The Pays de Caux (pronounced: [pɛi də ko]) is an area in Normandy occupying the greater part of the French département of Seine Maritime in Haute-Normandie. It is a chalk plateau to the north of the Seine Estuary and extending to the cliffs on the English Channel coast; its coastline is known as the Côte d'Albâtre. In the east, it borders on the Pays de Bray where the strata below the chalk show through.
Cauchois is a notable dialect of the Norman language. The Pays de Caux is one of the remaining strongholds of the Norman language outside the Cotentin.
The principal settlements are Le Havre, Dieppe, Fécamp, Yvetot and Étretat.
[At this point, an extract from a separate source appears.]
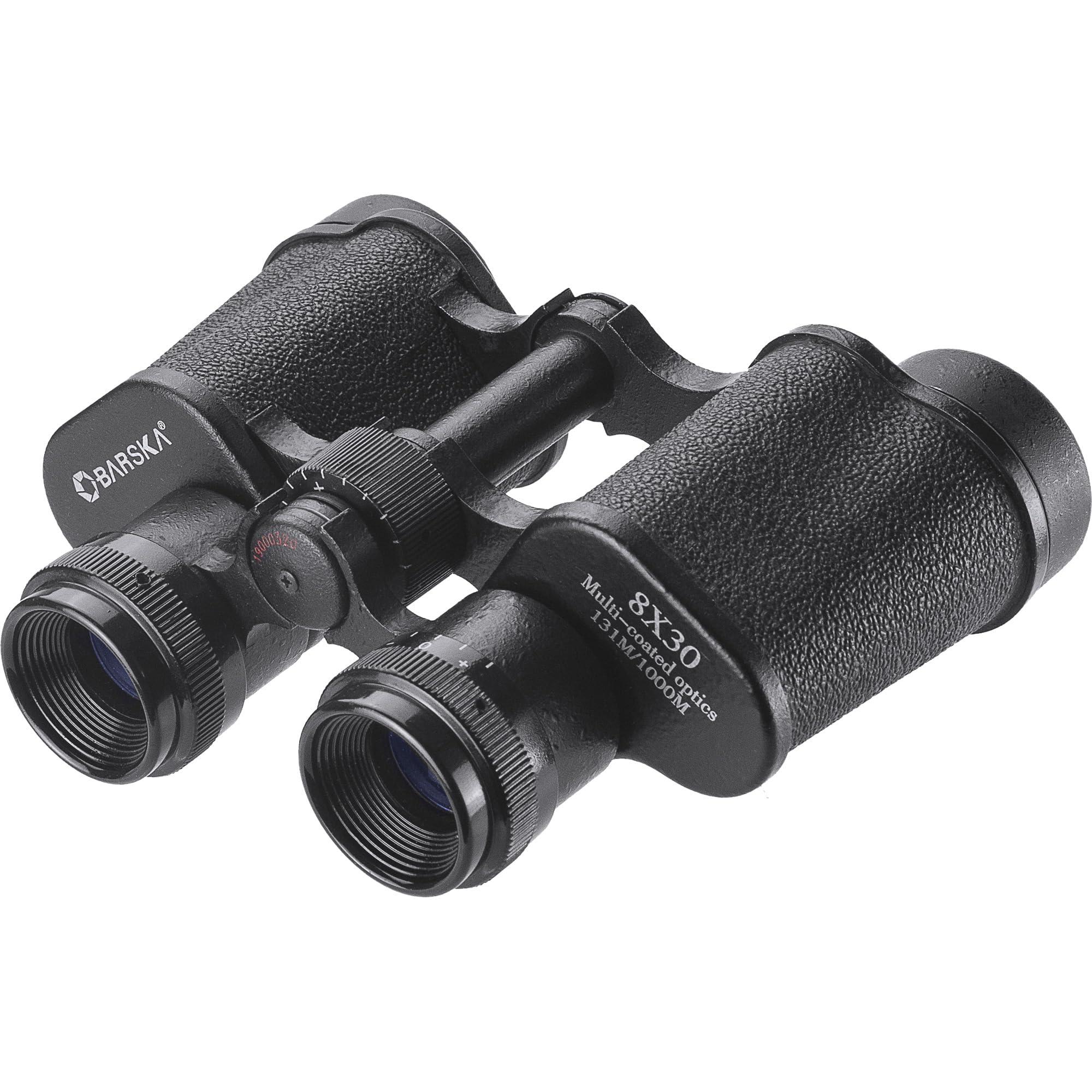 BARSKA Barska AB13346 X-Trail 8x30 All-Metal Field Compact Binoculars for Adults and Kids, Birding, Hunting, Sports, etc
In the Norman language caux means lime, calcium carbonate. In French, for comparison, the word is chaux (the French 'ch' being pronounced as an English 'sh'. Example: Caux dialect candelle, English candle, French chandelle ). The name of the neighbouring Pays de Bray comes from an Old French word of Gaulish origin for mud. They appear to be so named as their soils distinguish them; the one of sticky clay, the other on dry chalk, but that is only a legend. In fact, according to something common in the former Gaul, the name derives from the Celtic tribe that lived here in ancient time: the Caletes (or Caleti. It means "the hard or the courageous people", Breton kaled hard, Welsh caled hard ) and this land was their territory. They are sometimes considered as Belgae or as Armoricans. The word Caletes shifted to *Caltes, then *Calz, Cauz, to be spelled "Caux" in modern time.